### Task goal
In the entries below, which lines run from the one containing "Imagen de la" to the one containing "Разрушаващ се блок"? Copy exactly those lines, ends included, and no others.
(Beginning of Data records)
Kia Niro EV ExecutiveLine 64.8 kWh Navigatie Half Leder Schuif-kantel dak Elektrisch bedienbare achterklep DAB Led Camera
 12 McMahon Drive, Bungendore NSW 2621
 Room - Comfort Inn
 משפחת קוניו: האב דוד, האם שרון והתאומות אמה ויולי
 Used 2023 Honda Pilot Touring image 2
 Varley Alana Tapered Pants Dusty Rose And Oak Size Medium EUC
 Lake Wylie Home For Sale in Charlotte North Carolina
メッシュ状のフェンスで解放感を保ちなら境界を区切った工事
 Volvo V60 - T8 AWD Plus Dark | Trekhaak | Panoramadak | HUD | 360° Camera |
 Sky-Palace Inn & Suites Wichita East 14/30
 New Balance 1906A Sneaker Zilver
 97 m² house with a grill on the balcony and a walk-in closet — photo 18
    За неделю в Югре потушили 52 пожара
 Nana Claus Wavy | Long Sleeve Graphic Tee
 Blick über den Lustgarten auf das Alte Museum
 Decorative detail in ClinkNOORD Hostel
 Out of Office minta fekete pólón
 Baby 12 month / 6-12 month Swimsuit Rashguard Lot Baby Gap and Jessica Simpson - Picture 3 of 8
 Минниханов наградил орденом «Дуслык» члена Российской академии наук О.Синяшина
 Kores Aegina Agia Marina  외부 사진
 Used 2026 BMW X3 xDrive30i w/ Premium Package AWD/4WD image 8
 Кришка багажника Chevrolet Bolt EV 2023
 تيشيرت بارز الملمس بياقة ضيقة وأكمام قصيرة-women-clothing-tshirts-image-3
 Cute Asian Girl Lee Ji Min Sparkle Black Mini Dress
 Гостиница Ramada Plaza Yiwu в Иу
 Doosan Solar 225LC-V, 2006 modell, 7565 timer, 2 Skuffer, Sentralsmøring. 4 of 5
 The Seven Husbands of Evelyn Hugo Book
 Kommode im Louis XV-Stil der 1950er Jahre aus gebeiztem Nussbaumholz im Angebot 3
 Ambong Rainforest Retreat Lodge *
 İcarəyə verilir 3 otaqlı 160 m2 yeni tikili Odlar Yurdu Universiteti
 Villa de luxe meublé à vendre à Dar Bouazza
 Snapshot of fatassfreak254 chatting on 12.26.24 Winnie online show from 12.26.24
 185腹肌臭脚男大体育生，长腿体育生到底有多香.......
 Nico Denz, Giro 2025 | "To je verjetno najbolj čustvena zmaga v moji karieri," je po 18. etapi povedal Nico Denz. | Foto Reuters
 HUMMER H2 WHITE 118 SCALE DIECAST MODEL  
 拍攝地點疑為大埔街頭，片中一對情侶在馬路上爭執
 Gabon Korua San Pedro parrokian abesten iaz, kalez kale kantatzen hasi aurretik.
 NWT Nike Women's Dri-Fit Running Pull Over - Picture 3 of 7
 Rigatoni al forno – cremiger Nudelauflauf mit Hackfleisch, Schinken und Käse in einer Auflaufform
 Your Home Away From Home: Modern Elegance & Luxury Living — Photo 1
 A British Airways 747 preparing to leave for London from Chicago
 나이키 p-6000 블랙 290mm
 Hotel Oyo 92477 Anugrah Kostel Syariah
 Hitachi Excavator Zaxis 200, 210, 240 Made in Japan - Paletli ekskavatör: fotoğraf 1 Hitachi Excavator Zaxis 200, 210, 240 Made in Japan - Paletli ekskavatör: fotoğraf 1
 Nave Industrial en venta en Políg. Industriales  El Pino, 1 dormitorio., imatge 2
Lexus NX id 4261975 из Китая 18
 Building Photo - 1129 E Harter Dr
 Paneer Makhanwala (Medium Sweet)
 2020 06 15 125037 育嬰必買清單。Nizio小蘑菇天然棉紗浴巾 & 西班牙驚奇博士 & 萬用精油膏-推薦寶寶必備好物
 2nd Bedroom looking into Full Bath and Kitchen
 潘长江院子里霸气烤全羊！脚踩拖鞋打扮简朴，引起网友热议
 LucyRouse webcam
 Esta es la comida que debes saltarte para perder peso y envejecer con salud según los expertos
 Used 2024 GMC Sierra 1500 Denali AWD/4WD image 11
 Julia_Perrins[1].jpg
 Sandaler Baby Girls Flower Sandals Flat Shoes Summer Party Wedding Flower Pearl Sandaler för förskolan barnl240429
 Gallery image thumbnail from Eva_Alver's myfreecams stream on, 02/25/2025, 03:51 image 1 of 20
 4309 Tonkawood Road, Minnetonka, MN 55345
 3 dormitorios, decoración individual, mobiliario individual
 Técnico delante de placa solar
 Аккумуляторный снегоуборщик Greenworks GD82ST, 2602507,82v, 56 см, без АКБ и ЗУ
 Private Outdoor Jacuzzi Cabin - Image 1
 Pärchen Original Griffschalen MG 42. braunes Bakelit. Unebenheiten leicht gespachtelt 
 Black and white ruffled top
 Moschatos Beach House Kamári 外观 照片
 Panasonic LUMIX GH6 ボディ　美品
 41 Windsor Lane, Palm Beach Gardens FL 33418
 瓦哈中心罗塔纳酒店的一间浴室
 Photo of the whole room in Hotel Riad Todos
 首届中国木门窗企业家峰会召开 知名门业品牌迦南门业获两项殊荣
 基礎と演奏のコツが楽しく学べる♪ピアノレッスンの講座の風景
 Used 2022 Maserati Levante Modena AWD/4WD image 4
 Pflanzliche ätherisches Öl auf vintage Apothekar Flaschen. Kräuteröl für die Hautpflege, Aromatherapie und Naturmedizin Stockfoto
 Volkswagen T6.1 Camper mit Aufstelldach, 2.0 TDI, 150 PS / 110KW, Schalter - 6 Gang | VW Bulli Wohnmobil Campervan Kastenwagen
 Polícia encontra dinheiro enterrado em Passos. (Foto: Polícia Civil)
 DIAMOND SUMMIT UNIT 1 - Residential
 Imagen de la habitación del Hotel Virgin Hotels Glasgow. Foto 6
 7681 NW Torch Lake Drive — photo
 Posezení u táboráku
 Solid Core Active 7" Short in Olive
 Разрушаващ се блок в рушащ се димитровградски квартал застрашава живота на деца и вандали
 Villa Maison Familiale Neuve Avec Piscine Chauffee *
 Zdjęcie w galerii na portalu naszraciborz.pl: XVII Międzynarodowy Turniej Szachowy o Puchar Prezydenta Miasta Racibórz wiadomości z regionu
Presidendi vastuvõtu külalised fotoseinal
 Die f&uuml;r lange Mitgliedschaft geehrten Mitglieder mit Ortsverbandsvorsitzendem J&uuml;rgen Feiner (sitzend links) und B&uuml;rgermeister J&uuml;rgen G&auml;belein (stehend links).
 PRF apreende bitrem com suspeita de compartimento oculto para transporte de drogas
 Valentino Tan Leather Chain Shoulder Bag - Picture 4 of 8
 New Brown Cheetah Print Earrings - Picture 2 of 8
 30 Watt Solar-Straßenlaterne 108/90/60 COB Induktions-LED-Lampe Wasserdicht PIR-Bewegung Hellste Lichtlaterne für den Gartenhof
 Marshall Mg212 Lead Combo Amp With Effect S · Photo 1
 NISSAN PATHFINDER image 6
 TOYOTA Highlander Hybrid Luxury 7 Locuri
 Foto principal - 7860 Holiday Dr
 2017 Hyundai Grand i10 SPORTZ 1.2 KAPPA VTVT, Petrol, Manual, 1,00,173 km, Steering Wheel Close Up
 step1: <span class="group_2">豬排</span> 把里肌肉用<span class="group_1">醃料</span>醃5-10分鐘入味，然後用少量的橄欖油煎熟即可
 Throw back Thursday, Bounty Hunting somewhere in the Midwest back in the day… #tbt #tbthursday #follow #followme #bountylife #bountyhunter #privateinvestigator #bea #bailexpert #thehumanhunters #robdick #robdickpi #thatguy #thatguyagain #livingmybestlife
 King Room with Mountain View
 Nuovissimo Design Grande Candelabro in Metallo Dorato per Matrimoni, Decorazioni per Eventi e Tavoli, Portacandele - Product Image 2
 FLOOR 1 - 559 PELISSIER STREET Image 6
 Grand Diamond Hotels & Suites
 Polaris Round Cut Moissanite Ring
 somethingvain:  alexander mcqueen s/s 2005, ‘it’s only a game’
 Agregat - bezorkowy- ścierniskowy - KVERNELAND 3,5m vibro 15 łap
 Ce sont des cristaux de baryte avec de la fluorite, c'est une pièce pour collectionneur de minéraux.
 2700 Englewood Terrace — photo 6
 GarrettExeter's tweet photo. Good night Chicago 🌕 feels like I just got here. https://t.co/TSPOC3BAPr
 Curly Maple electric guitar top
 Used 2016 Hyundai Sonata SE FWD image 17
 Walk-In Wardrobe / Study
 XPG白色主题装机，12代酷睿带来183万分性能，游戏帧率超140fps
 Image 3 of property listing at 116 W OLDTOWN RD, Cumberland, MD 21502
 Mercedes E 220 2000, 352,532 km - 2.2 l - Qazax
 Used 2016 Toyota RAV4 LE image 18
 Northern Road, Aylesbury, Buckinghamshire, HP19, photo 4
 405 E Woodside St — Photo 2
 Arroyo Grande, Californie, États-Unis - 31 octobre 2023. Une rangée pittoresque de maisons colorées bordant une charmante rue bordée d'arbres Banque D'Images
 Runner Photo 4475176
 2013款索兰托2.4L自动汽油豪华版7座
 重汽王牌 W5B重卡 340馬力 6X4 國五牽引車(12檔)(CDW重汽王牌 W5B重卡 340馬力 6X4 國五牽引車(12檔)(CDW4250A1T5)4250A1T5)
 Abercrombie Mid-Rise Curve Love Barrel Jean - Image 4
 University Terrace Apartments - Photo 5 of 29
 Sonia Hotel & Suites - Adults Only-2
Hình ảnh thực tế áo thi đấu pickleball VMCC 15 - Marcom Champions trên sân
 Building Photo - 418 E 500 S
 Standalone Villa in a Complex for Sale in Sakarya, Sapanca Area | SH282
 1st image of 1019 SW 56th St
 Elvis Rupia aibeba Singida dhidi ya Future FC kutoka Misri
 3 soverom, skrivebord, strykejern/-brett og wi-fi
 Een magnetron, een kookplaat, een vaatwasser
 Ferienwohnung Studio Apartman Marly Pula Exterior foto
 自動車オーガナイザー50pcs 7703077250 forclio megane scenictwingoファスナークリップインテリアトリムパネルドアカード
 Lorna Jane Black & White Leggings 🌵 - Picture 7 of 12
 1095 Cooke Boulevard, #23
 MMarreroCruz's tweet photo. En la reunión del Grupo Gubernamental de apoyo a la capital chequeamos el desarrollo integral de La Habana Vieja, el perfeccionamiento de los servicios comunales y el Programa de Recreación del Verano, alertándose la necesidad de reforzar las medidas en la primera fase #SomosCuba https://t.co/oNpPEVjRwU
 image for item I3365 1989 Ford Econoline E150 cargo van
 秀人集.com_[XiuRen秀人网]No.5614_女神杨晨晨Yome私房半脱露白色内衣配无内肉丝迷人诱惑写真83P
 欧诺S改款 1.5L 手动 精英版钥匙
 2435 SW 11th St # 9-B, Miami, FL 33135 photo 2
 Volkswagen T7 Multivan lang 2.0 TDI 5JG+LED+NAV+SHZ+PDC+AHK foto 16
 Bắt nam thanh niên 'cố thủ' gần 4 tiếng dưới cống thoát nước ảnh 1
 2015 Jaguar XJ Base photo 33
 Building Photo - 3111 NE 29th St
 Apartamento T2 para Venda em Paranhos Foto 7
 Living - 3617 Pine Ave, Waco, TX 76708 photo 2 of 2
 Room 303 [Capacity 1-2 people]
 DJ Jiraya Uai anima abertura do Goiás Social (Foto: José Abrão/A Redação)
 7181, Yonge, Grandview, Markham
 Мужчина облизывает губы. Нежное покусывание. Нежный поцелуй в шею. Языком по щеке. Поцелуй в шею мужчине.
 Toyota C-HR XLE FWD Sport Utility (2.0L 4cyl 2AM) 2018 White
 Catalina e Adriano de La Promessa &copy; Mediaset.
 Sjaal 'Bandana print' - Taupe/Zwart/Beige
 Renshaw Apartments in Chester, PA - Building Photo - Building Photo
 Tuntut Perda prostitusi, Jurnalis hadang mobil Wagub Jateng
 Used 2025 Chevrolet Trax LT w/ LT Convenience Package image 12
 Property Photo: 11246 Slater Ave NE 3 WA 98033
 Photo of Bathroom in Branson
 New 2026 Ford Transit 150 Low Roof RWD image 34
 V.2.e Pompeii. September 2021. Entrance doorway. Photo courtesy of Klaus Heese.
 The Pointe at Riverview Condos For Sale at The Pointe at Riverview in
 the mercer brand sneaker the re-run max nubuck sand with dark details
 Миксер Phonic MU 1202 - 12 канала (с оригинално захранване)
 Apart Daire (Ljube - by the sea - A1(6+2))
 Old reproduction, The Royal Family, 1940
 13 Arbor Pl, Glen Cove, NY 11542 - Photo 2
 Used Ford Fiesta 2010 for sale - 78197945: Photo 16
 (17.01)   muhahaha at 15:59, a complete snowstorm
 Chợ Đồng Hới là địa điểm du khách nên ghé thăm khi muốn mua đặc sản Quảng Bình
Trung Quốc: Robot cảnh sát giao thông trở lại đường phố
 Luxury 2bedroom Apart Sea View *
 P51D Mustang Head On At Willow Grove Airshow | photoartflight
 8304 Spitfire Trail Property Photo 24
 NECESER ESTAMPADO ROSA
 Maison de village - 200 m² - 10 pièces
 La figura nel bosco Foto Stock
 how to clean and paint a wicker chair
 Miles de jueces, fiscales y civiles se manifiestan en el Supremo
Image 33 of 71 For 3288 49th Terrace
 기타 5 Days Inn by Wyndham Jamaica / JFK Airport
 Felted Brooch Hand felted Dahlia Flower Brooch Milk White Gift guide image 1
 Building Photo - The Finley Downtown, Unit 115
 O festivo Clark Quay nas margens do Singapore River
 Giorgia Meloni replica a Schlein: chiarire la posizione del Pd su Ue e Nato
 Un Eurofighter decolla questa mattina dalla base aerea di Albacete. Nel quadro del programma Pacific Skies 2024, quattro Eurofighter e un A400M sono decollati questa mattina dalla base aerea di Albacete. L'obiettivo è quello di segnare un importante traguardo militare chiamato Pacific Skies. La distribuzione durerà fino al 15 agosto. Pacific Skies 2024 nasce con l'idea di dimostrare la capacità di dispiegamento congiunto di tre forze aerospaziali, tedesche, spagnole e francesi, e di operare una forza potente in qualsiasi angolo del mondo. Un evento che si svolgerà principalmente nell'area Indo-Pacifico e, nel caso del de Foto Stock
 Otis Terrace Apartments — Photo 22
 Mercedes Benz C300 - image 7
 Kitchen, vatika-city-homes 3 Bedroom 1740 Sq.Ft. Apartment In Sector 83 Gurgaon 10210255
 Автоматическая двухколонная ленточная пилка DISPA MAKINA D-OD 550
(End of Data records)
### Response to this task
 Imagen de la habitación del Hotel Virgin Hotels Glasgow. Foto 6
 7681 NW Torch Lake Drive — photo
 Posezení u táboráku
 Solid Core Active 7" Short in Olive
 Разрушаващ се блок в рушащ се димитровградски квартал застрашава живота на деца и вандали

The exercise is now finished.